[LISTED ENTRIES Boundary: Start]

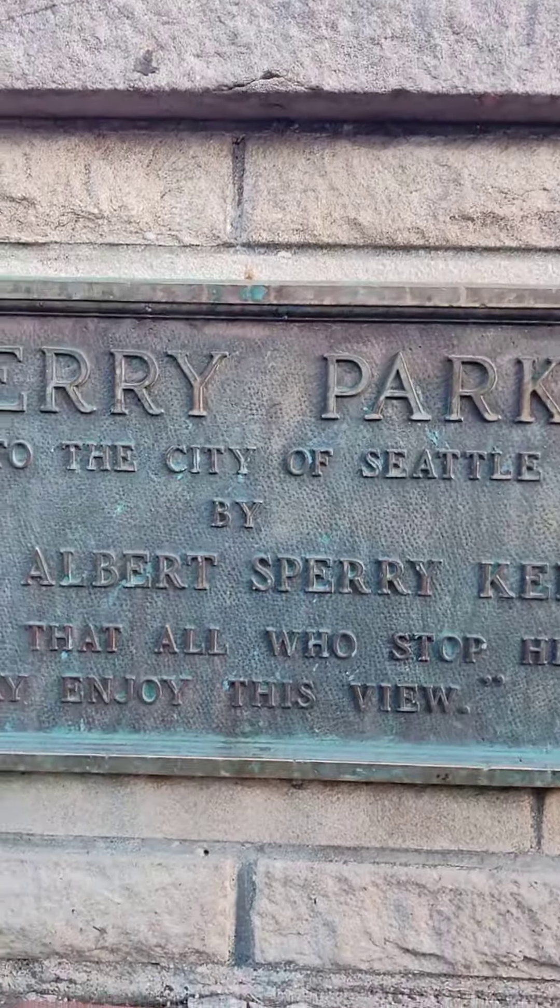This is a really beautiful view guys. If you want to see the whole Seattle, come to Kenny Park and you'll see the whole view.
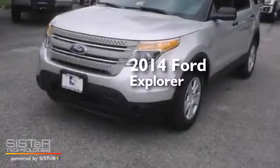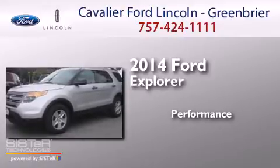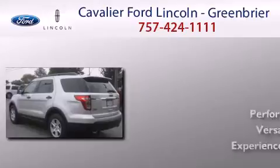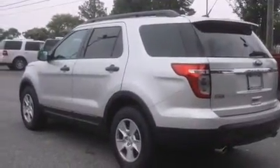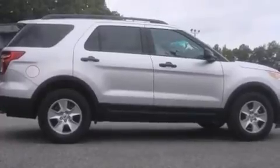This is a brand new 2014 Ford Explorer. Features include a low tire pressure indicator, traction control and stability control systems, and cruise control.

[LISTED ENTRIES Boundary: End]
[LISTED ENTRIES Boundary: Start]

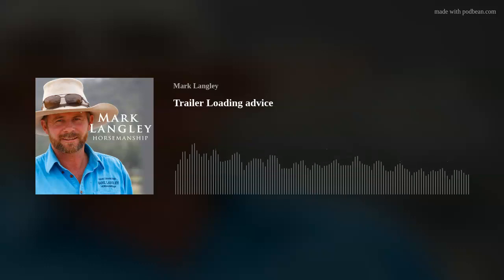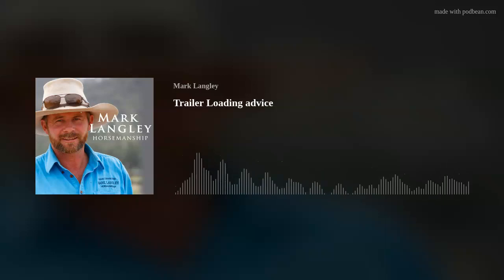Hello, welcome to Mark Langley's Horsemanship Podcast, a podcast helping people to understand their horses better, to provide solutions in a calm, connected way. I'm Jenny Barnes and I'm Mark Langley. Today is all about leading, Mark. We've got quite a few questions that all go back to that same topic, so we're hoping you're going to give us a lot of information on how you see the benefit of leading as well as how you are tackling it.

[LISTED ENTRIES Boundary: End]
[LISTED ENTRIES Boundary: Start]

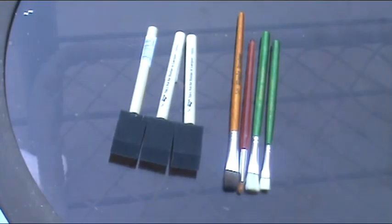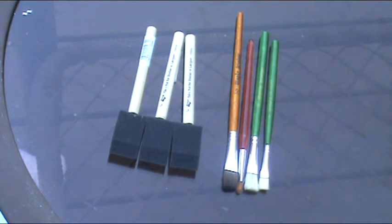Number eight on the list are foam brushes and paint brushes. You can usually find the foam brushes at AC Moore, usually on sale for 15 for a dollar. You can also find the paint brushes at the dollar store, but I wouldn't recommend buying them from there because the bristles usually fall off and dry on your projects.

[LISTED ENTRIES Boundary: End]

(WHAT YOU NEED TO DO):
Pictures aside, return exactly the lines from the data above, starting at the line that has "This is a really" and ending at the line that has "This is a brand", both included.

(EXERCISE RESULT):
This is a really beautiful view guys. If you want to see the whole Seattle, come to Kenny Park and you'll see the whole view.
This is a brand new 2014 Ford Explorer. Features include a low tire pressure indicator, traction control and stability control systems, and cruise control.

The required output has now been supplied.